Chômeurs frontaliers : l'UE approuve une réforme coûteuse pour la Suisse (guide frontalier)

Le Parlement européen a approuvé mardi la réforme visant à redéfinir les compétences en matière de travailleurs frontaliers au chômage.

Contexte

Chômeurs frontaliers : l'UE approuve une réforme coûteuse pour la Suisse Le Parlement européen a approuvé mardi la réforme visant à redéfinir les compétences en matière de travailleurs frontaliers sans emploi. Cette modification pourrait entraîner des coûts supplémentaires pour la Suisse. Selon le SECO, les coûts pourraient varier entre 300 et 600 millions de francs par an. La réforme, qui a été approuvée à la majorité de 376 voix contre 278, introduit de nouvelles règles pour la gestion des travailleurs frontaliers au chômage. Cela signifie que la Suisse devra prendre de nouvelles mesures pour s'assurer que les travailleurs frontaliers au chômage bénéficient d'un traitement similaire à celui des travailleurs suisses. Selon le SECO, la réforme entraînera des coûts supplémentaires pour la Suisse, notamment en ce qui concerne la gestion des fonds de chômage. Le SECO estime que les coûts pourraient varier entre 300 et 600 millions de francs par an, en fonction de la part des fonds que la Suisse devra contribuer. La réforme pourrait avoir un impact significatif sur les cantons suisses qui dépendent le plus des travailleurs frontaliers. Par exemple, le canton du Valais compte environ 37 000 frontaliers, soit 15 % de la population totale du canton. La réforme pourrait entraîner des coûts supplémentaires pour le canton du Valais, qui devra prendre de nouvelles mesures pour s'assurer que les travailleurs frontaliers au chômage bénéficient d'un traitement similaire à celui des travailleurs En résumé, la réforme pourrait entraîner des coûts supplémentaires pour la Suisse, notamment en ce qui concerne la gestion des fonds de chômage. Le SECO estime que les coûts pourraient varier entre 300 et 600 millions de francs par an, en fonction de la part des fonds que la Suisse devra contribuer. La réforme pourrait avoir un impact significatif sur les cantons suisses qui dépendent le plus des travailleurs frontaliers et pourrait entraîner des coûts supplémentaires pour les travailleurs frontaliers eux-mêmes.

Details pratiques

La réforme prévoit que ce sera l'État dans lequel la personne devenue chômeuse a exercé son dernier emploi qui versera les indemnités. Actuellement, la Suisse est l'Etat d'emploi et verse les indemnités aux frontaliers chômeurs.
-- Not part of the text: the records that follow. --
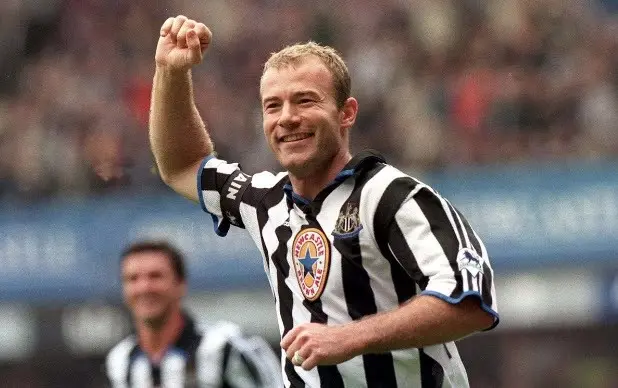 Alan Shearer KUBET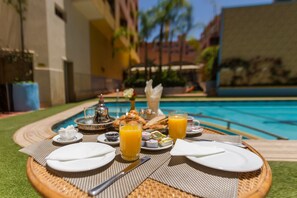 Restaurant - Hôtel Spa Atlassia (Marrakech)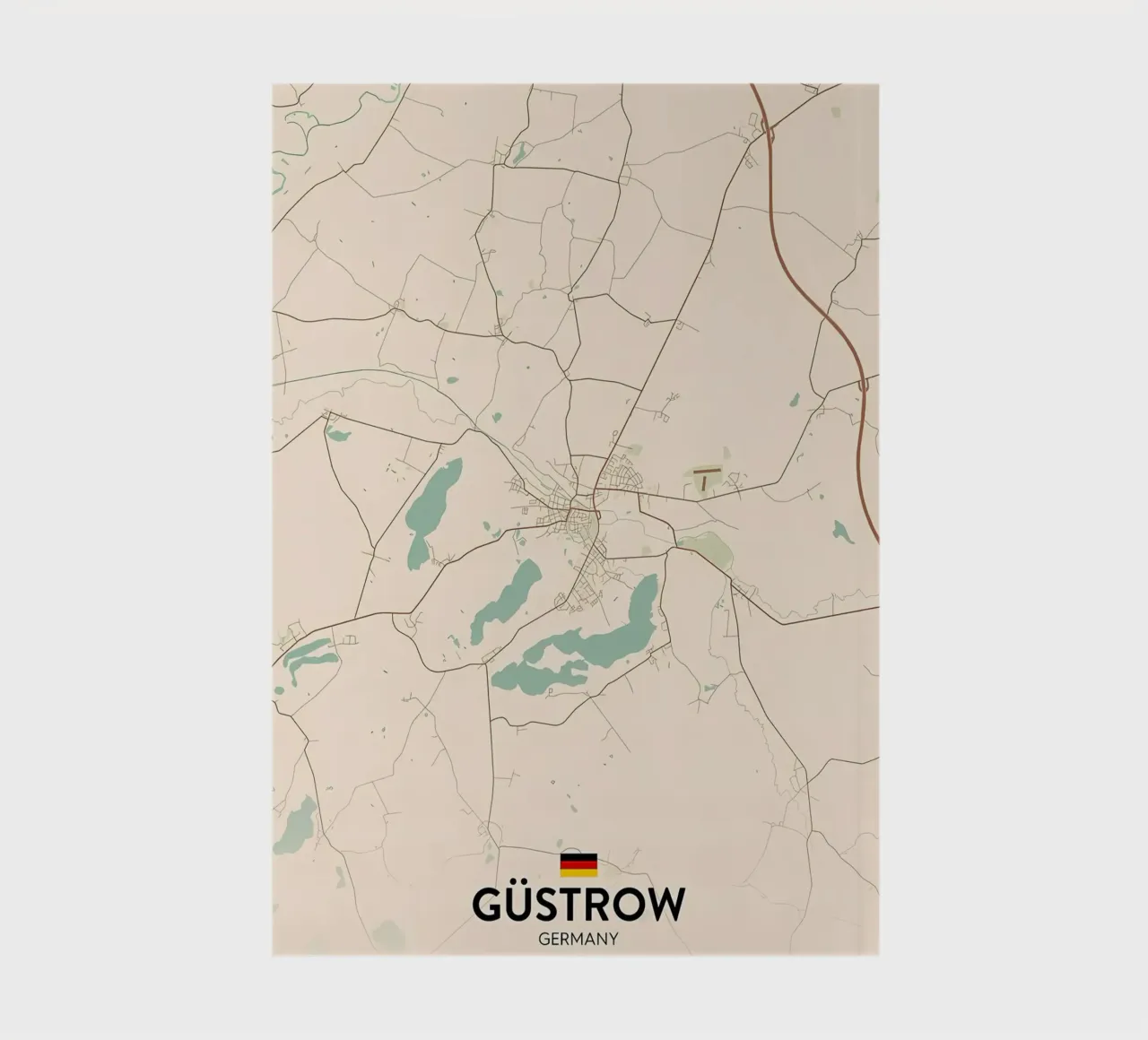 Gustrow DE notebook by Jacob W MICKELSON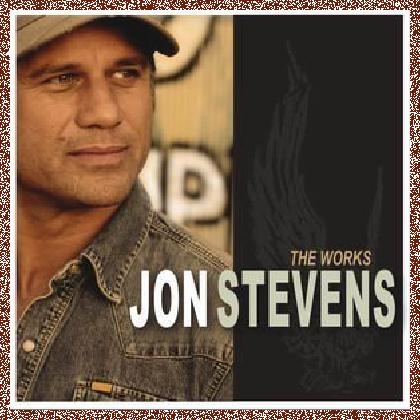 JON STEVENS – THE WORKS 2005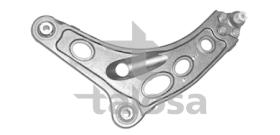  4006141 - BRAZO DEL INF IZDO RENAULT TRAFIC 1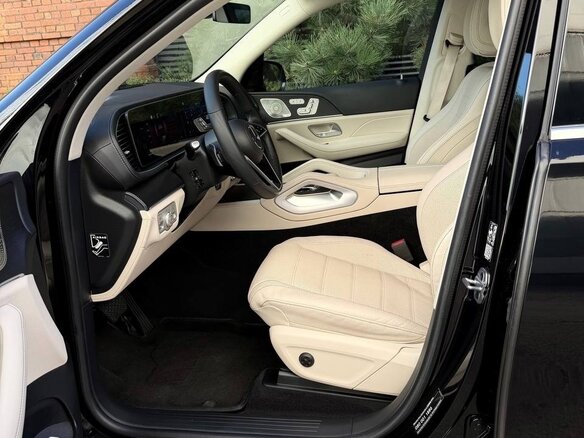 2023 Mercedes-Benz GLE 450 II (V167) Рестайлинг, чёрный, 9855000 рублей - вид 9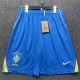 2026 Brazil home Thailand Quality Soccer shorts
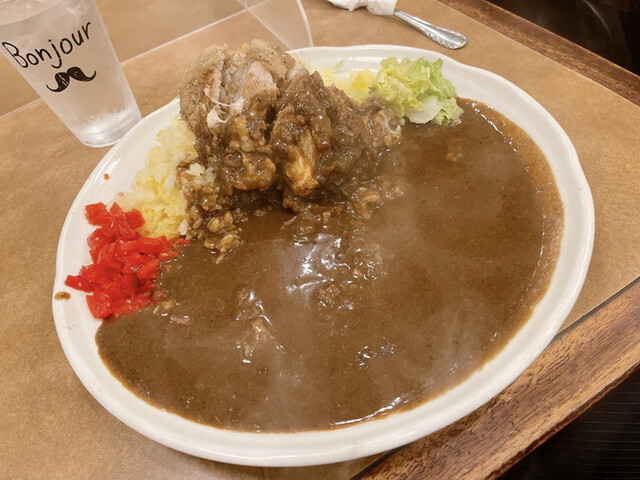 桃丘 トウキュウ 立町 カレーライス 食べログ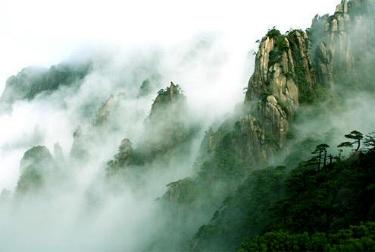 Parque Nacional de Sanqingshan, Jiangxi, China 🗺️ Foro China, el Tíbet y Taiwán 1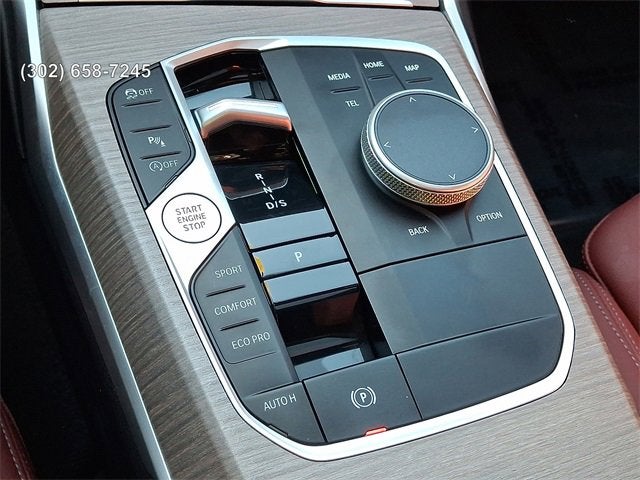 2025 BMW 3 Series 330i xDrive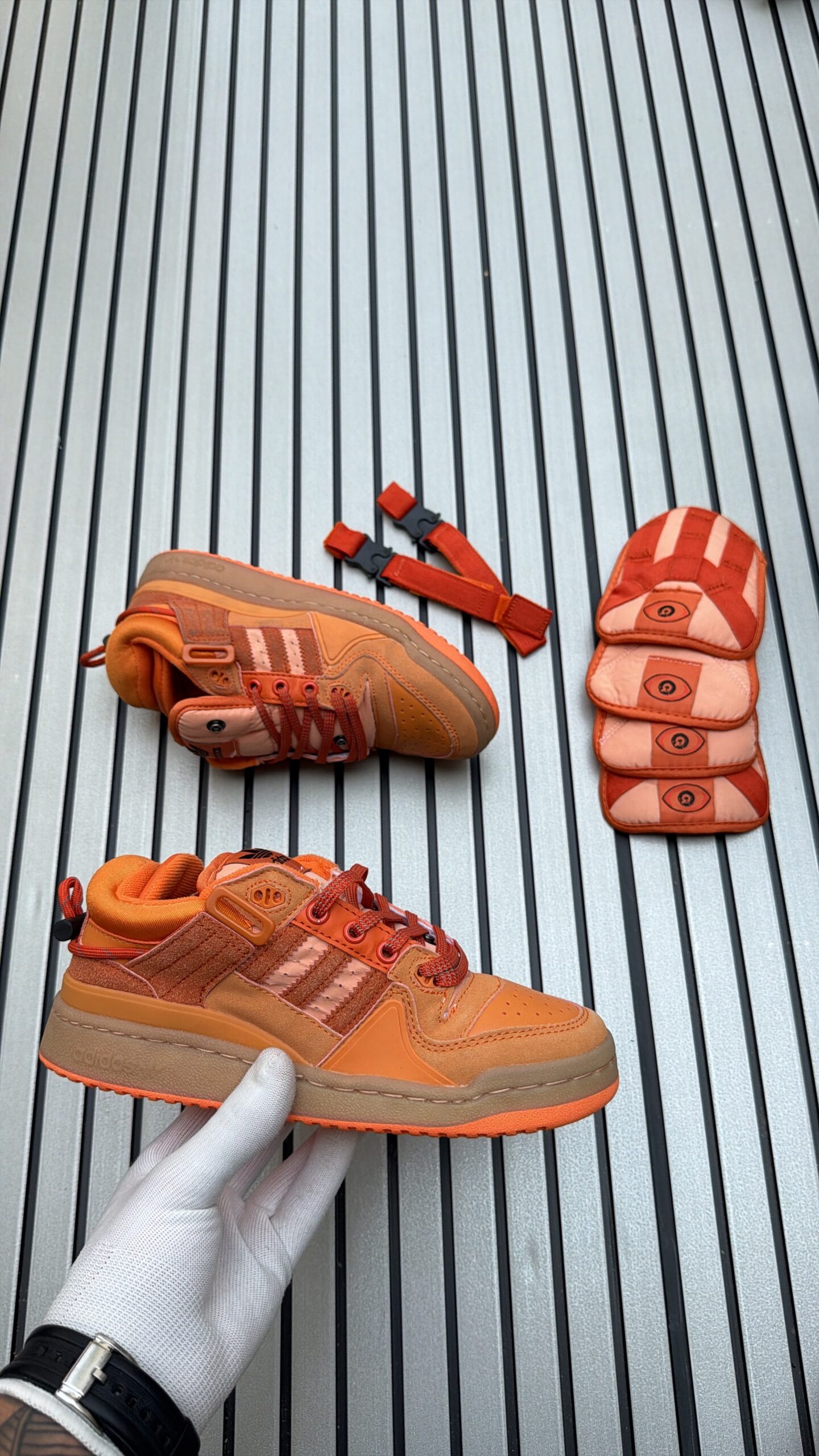 Adidas Bad Bunny Sneakers - Image 3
La réforme approuvée par l'UE pourrait avoir un impact significatif sur la Suisse, en particulier pour les cantons frontaliers tels que les Grisons, le Tessin et le Valais. En effet, ces cantons accueillent un grand nombre de travailleurs frontaliers qui travaillent en Suisse et sont soumis aux lois suisses.

Selon les données de l'Office fédéral du travail (OWF), environ 65 000 frontaliers étaient au chômage en Suisse en 2020. La plupart d'entre eux provenaient de pays membres de l'UE tels que la Pologne, la Roumanie et la Bulgarie. Ces travailleurs ont droit à des allocations de chômage en Suisse, qui sont financées par l'État.

La réforme prévoit que l'État de résidence des frontaliers chômeurs est responsable du versement des indemnités. Cela signifie que, si un travailleur frontalier devient chômeur, son Etat de résidence devra lui verser les indemnités qui lui reviennent. Dans ce cas, la Suisse pourrait devoir verser des allocations aux frontaliers chômeurs qui travaillent en Suisse mais résident dans d'autres pays membres de l'UE.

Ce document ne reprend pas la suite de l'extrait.